# Vintage Onroad help RCCA??? Kyosho Diablo



## Keith Billanti (Oct 24, 2005)

Hello all, i was hoping someone might have one laying around.. I am looking for a Kyosho Lamborghini Diablo 1/10th scale (super scale series).

If you have one.. let me know.. i want it. If you have a vintage RCCA from 90-91 with the add for it.. PLEASE scan and post...

Thanks way in advance!!!
keith

I was able to score this one.. but i want a more complete example
 http://cgi.ebay.com/ws/eBayISAPI.dll?ViewItem&item=6050211323&rd=1&sspagename=STRK%3AMEWA%3AIT&rd=1


----------



## PD2 (Feb 27, 2003)

You might be able to contact RCCA and see if they have a copy of a back issue of the magazine.
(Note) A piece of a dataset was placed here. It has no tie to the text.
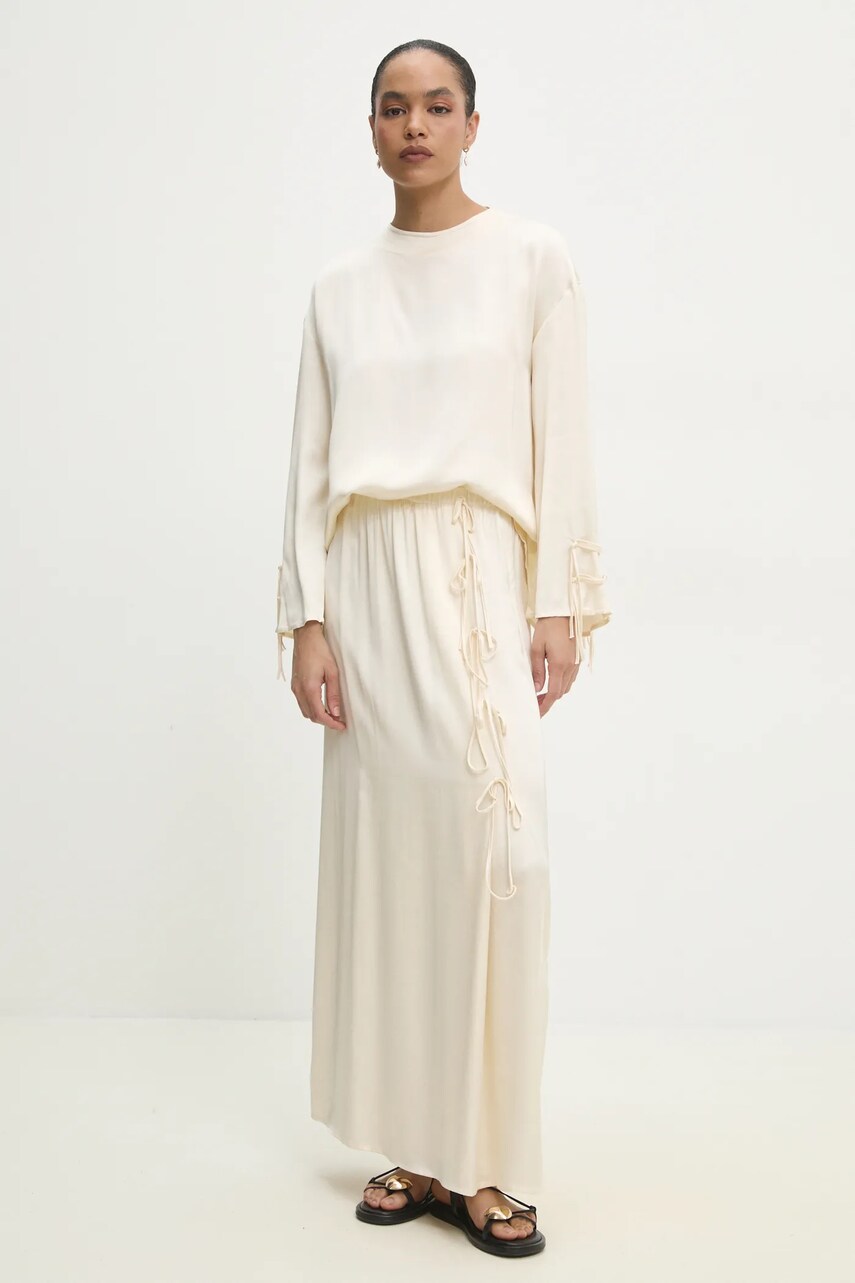 Answear Lab fustă culoarea bej, maxi, evazati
Either that or if they could copy and mail/fax that particular page out of the magazine. Just a thought.


PD2:thumbsup:


----------



## RacewayJohn (May 12, 2003)

Keith, if you can nail down a little closer which issues, we have one of every Car Action printed, also, I'll look for dealer flyers that we may still have. John Peoples


----------



## Keith Billanti (Oct 24, 2005)

RacewayJohn said:


> Keith, if you can nail down a little closer which issues, we have one of every Car Action printed, also, I'll look for dealer flyers that we may still have. John Peoples


Thanks John! Thats awesome. i wish i could page through them all some day  

Closer issues.. I would say anything from 90-91. Most likely 91.. Might have even been in a Tower Ad.

if you find it great.. dont go out of your way...


Keith


----------